#### Dataset content ####

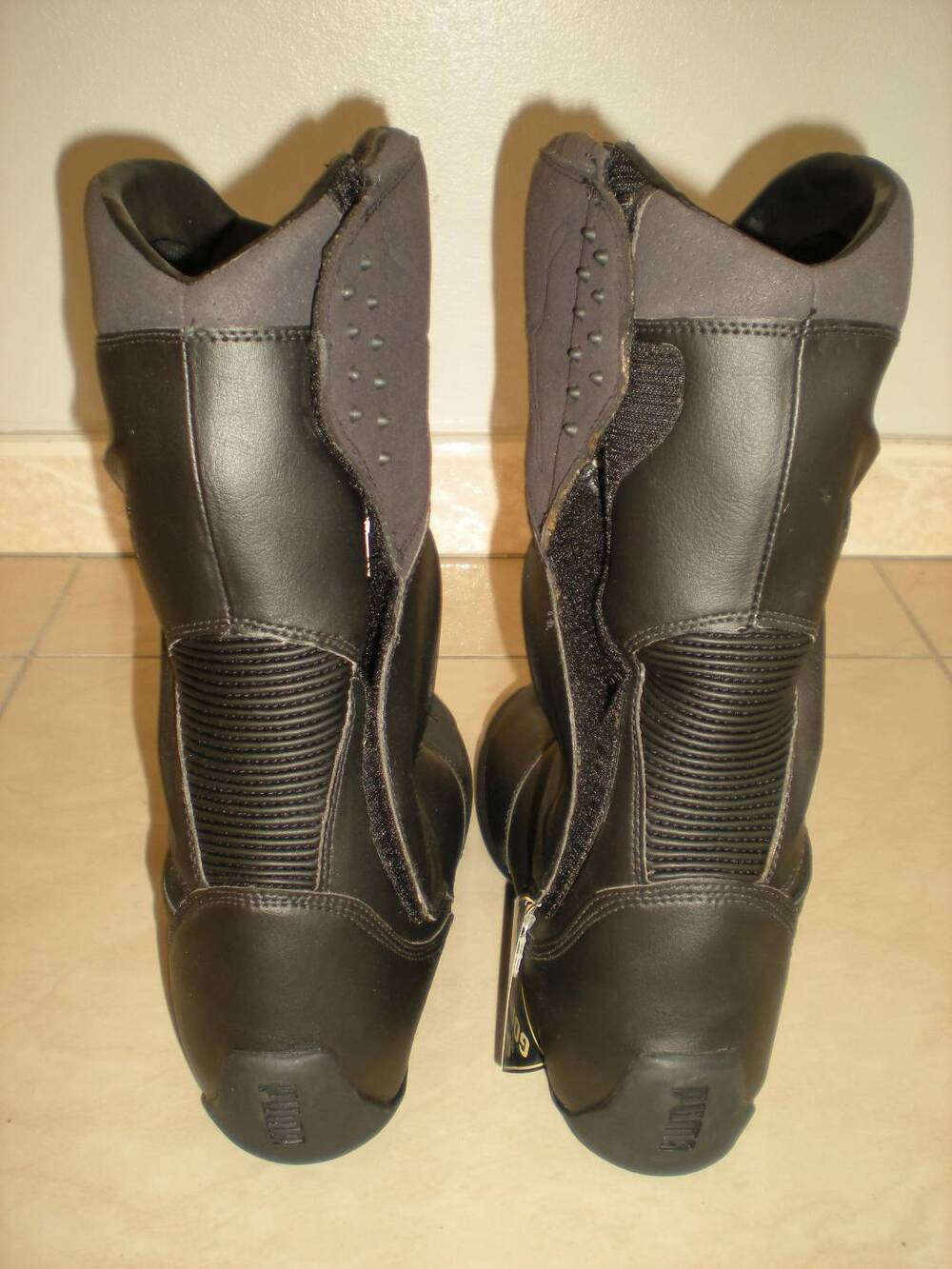 Stivali Puma Super Ride GTX Ducati (2)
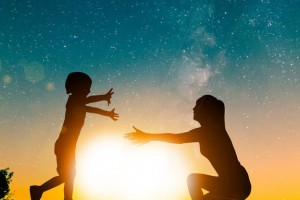 熊孩子别怕 学大全科老师陪你长大！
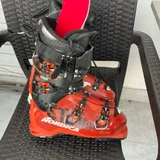 Горнолыжные ботинки Nordica Strider Pro 130 (photo 1)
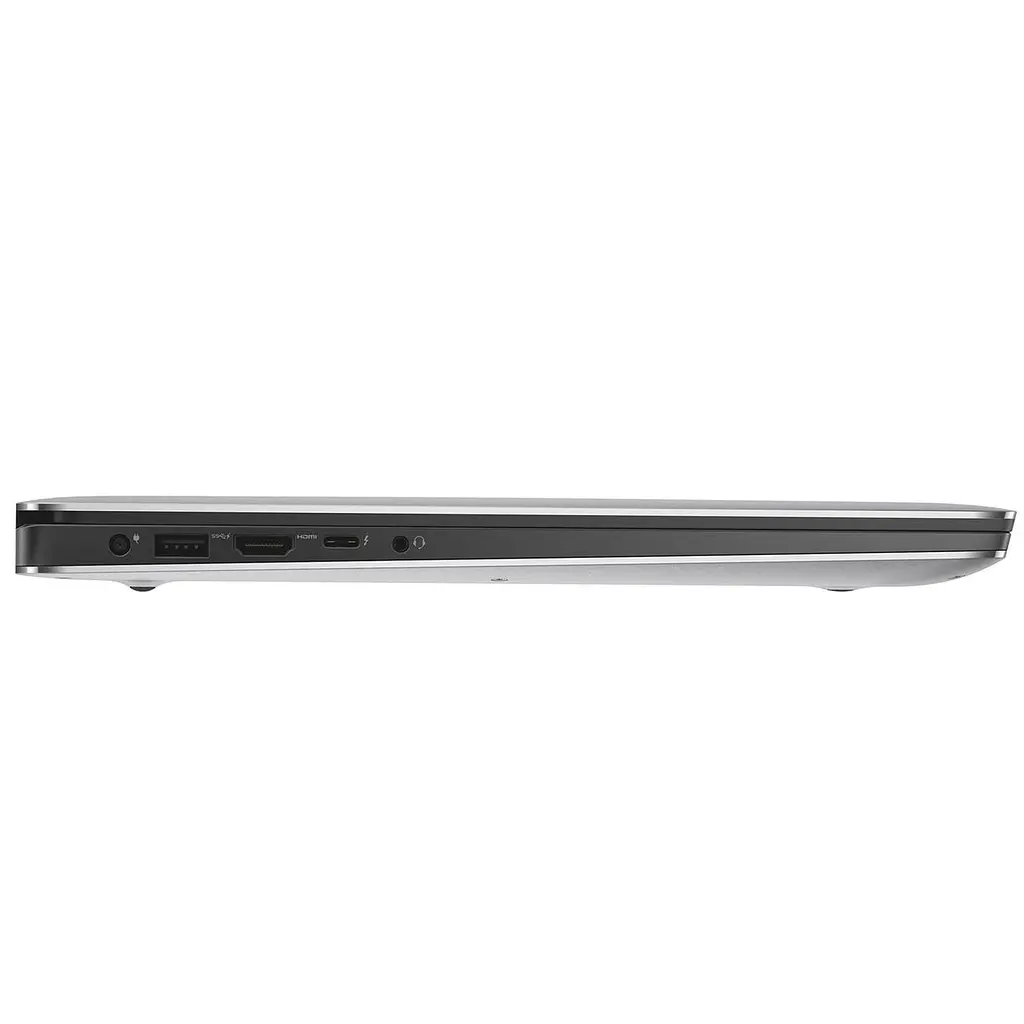 Ноутбук Dell XPS 15 9560 4K Touch (i7-7700HQ/32/1TBSSD/GTX1050-2Gb) - Class A- "Б/В" - фото 3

####

* _Activity_
Go through the listing above and write it out again exactly, dropping the pictures.

* _Solution for this task_
 Stivali Puma Super Ride GTX Ducati (2)
 熊孩子别怕 学大全科老师陪你长大！
 Горнолыжные ботинки Nordica Strider Pro 130 (photo 1)
 Ноутбук Dell XPS 15 9560 4K Touch (i7-7700HQ/32/1TBSSD/GTX1050-2Gb) - Class A- "Б/В" - фото 3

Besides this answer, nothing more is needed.